- What you have to do:
The result should be an exact copy of only the lines from the one with "Gucci Calfskin Matelasse" through the last line of the data below, with pictures omitted.
+ + + +
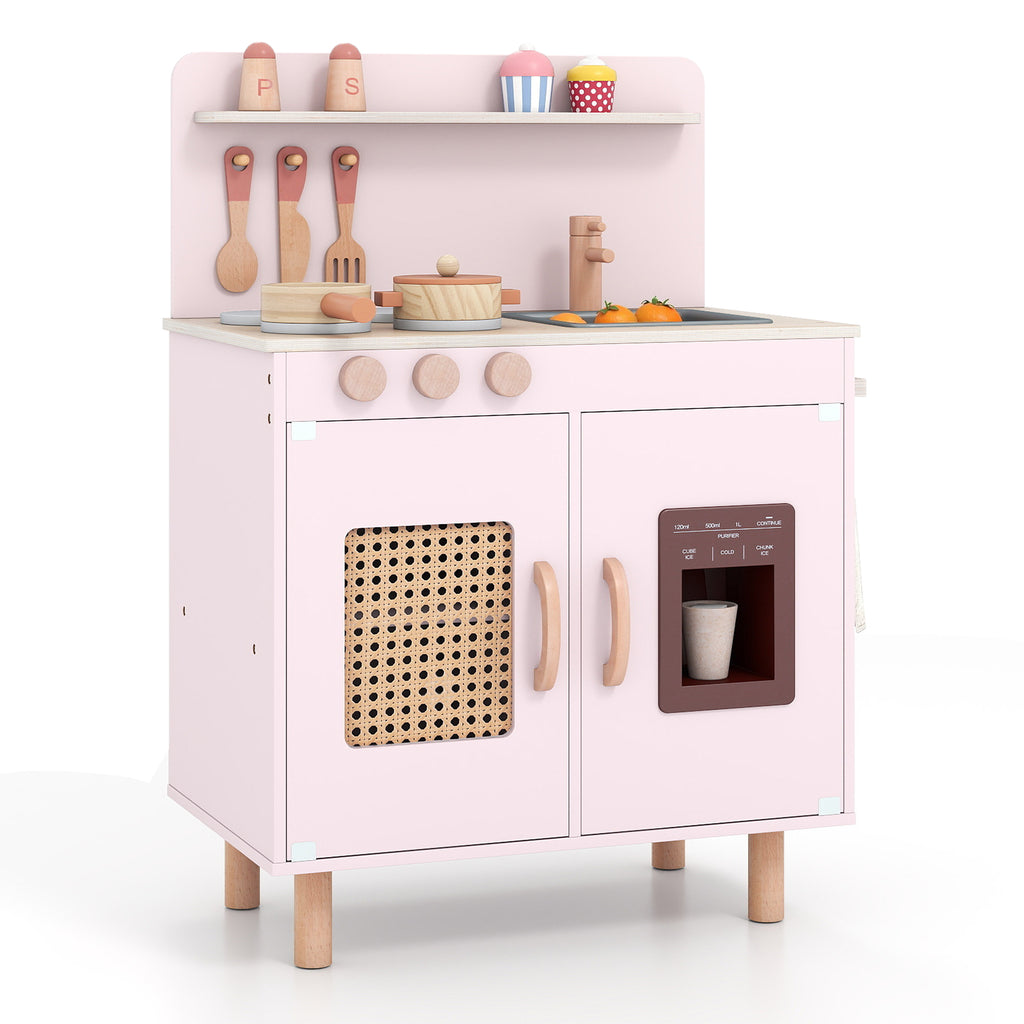 Play Kitchen for Kids with Realistic Ice Maker and Stove Cooking Toy Kitchen-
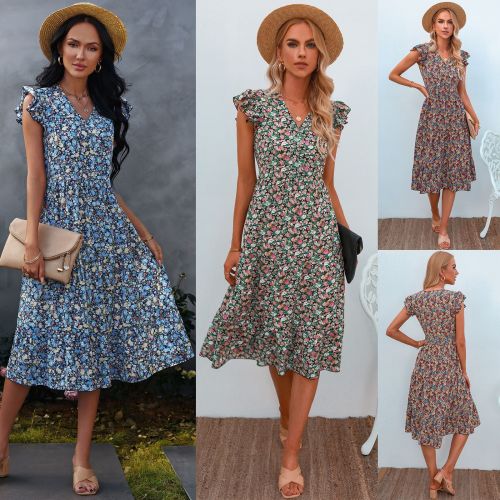 Fashionable New Temperament Women's V-neck Cotton Floral Vacation Dress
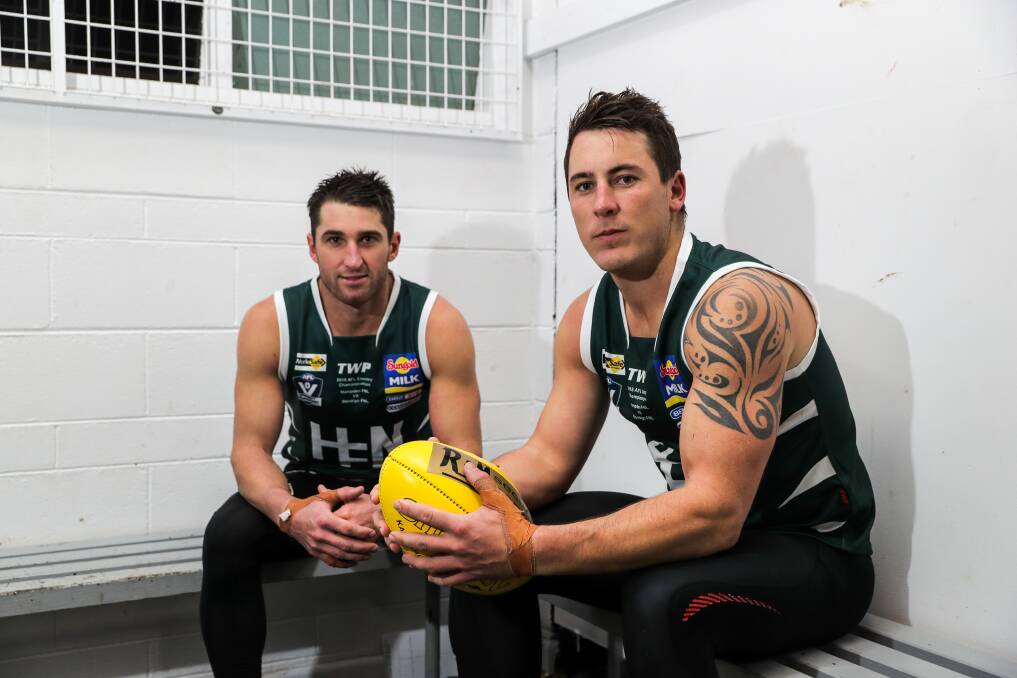 OUR TIME: Hampden captains Tim McIntyre and Sam Cowling are excited to lead the Bottle Greens out against Bendigo. Picture: Rob Gunstone
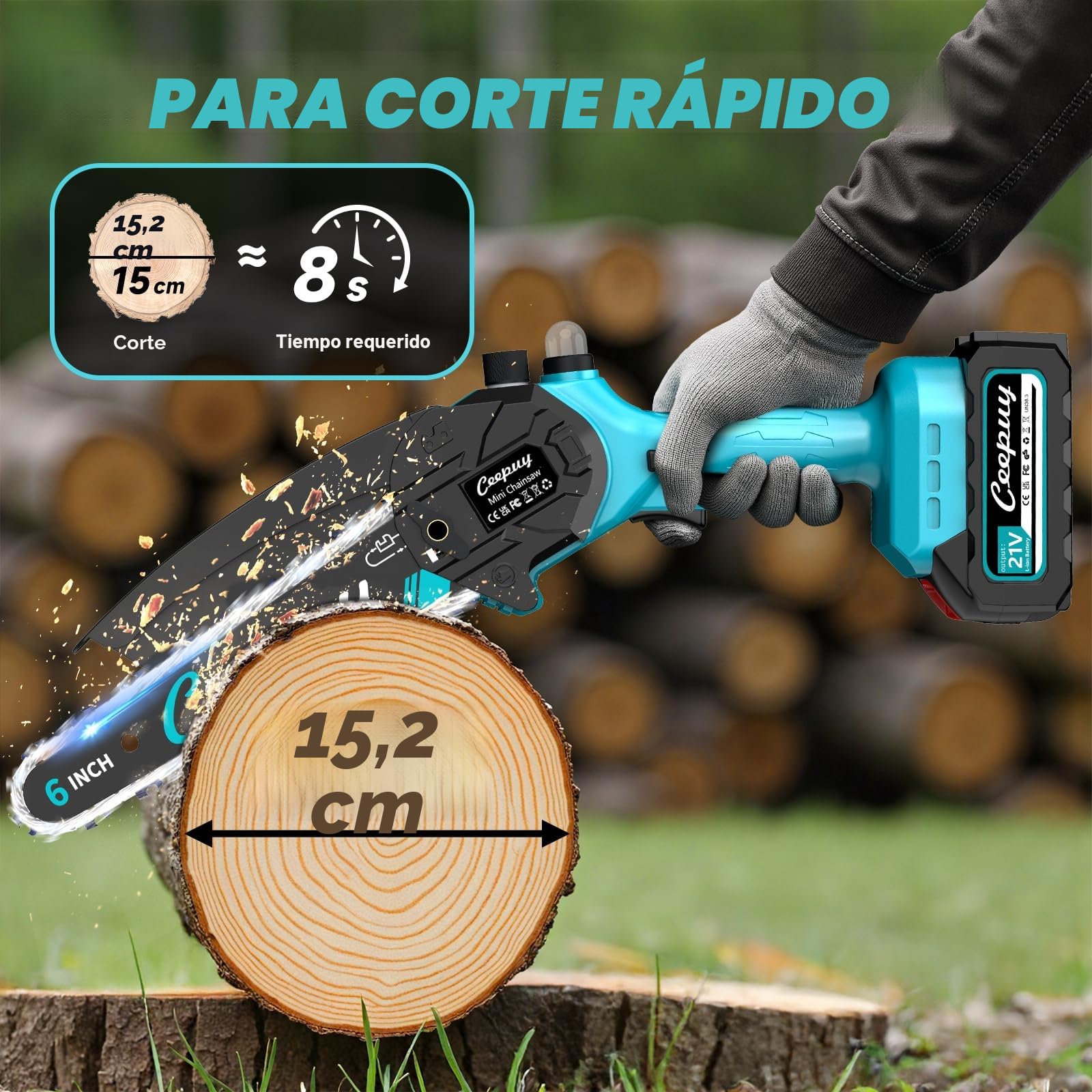 Mini Motosierra Batería 6 Pulgadas 2×4000mAh, Sierra Eléctrica Inalámbrica con Depósito de Aceite, Portátil para Podar Jardinería y Árboles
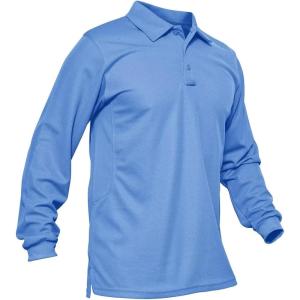 imageMAGCOMSEN Mens Polo Shirts 3 Button Quick Dry Performance Long Sleeve Tactical Shirts Pique Jersey Golf ShirtLightblue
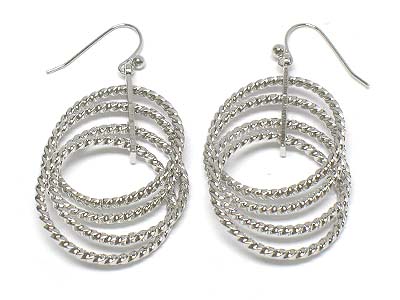 Multi metal circle link earring 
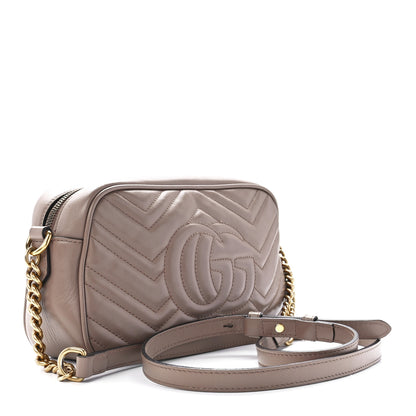 Gucci Calfskin Matelasse Small GG Marmont Chain Shoulder Bag Porcelain Rose 3 of 12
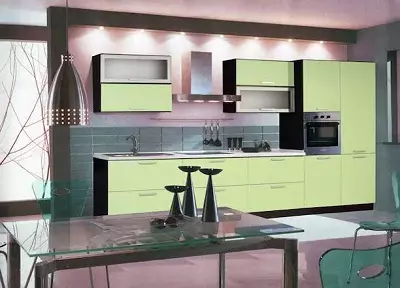 cuines de pistatxo (64 fotos): L'elecció d'una cuina auricular de color pistatxos a l'interior de la cuina. Amb el paper pintat De quin color és els caps de cantó i directes? 21082_24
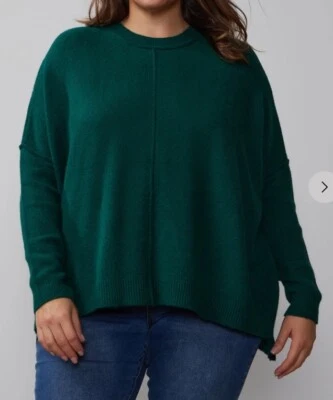 Suéter cuadrado verde con hombros caídos New York & Company para mujer talla 2X nuevo con etiquetas Foto 1 de 4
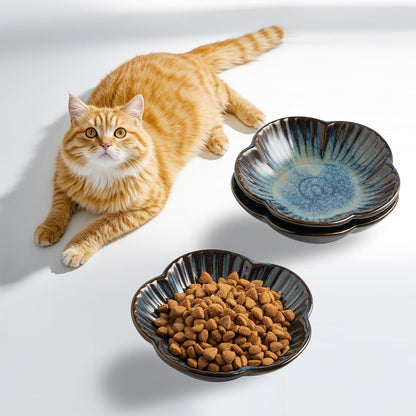 Mecaikru Ceramic Cat Food Bowls, Whisker Friendly Shallow Plates Set of 3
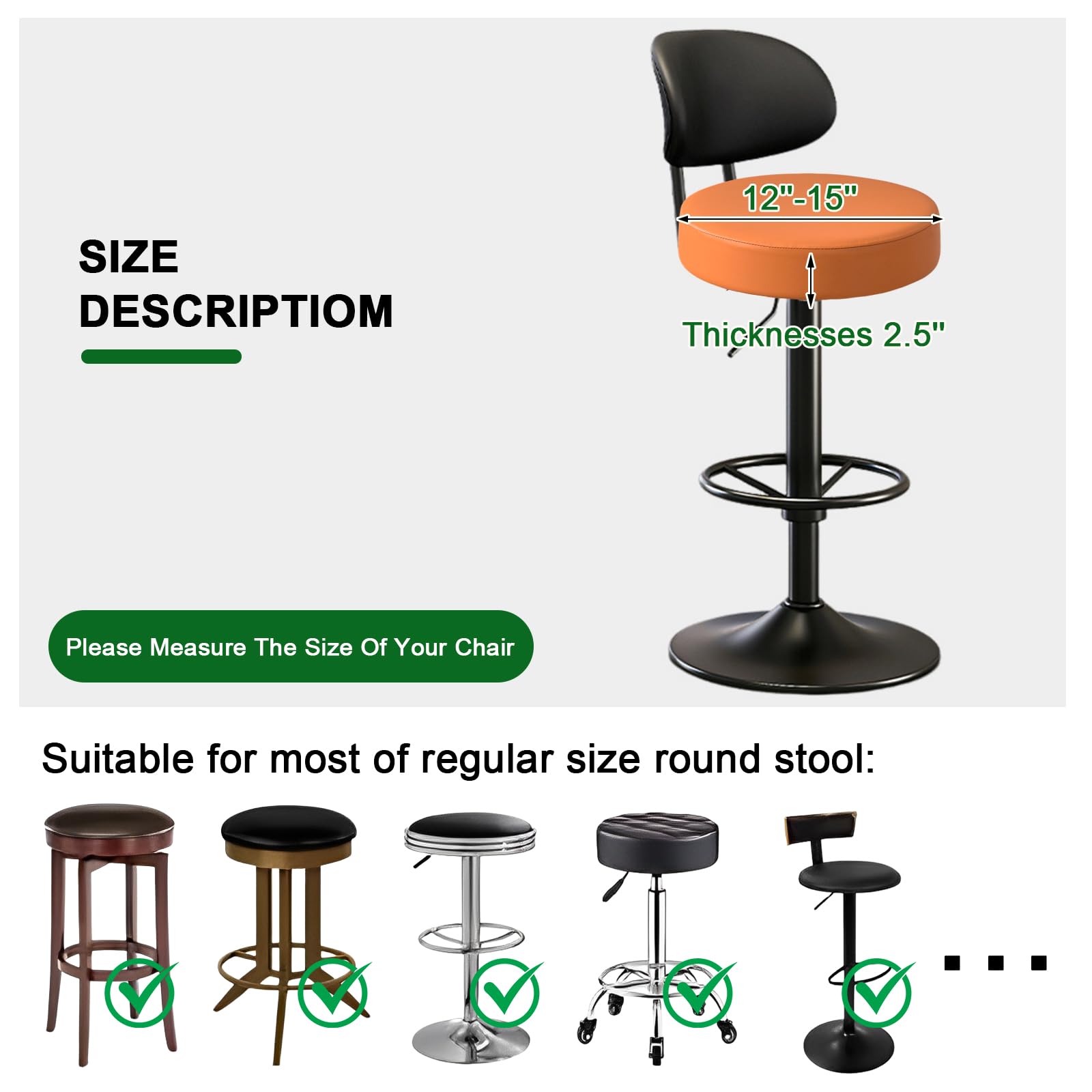 FUANGUI 2-Pack Waterproof PU Bar Stool Covers with Elastic Bands - Washable Round Seat Slipcovers for 12-15 Inch Bar Stools (Orange) - Perfect for Kitchen, Dining Room & Outdoor Use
+ + + +
- Solution:
 Gucci Calfskin Matelasse Small GG Marmont Chain Shoulder Bag Porcelain Rose 3 of 12
 cuines de pistatxo (64 fotos): L'elecció d'una cuina auricular de color pistatxos a l'interior de la cuina. Amb el paper pintat De quin color és els caps de cantó i directes? 21082_24
 Suéter cuadrado verde con hombros caídos New York & Company para mujer talla 2X nuevo con etiquetas Foto 1 de 4
 Mecaikru Ceramic Cat Food Bowls, Whisker Friendly Shallow Plates Set of 3
 FUANGUI 2-Pack Waterproof PU Bar Stool Covers with Elastic Bands - Washable Round Seat Slipcovers for 12-15 Inch Bar Stools (Orange) - Perfect for Kitchen, Dining Room & Outdoor Use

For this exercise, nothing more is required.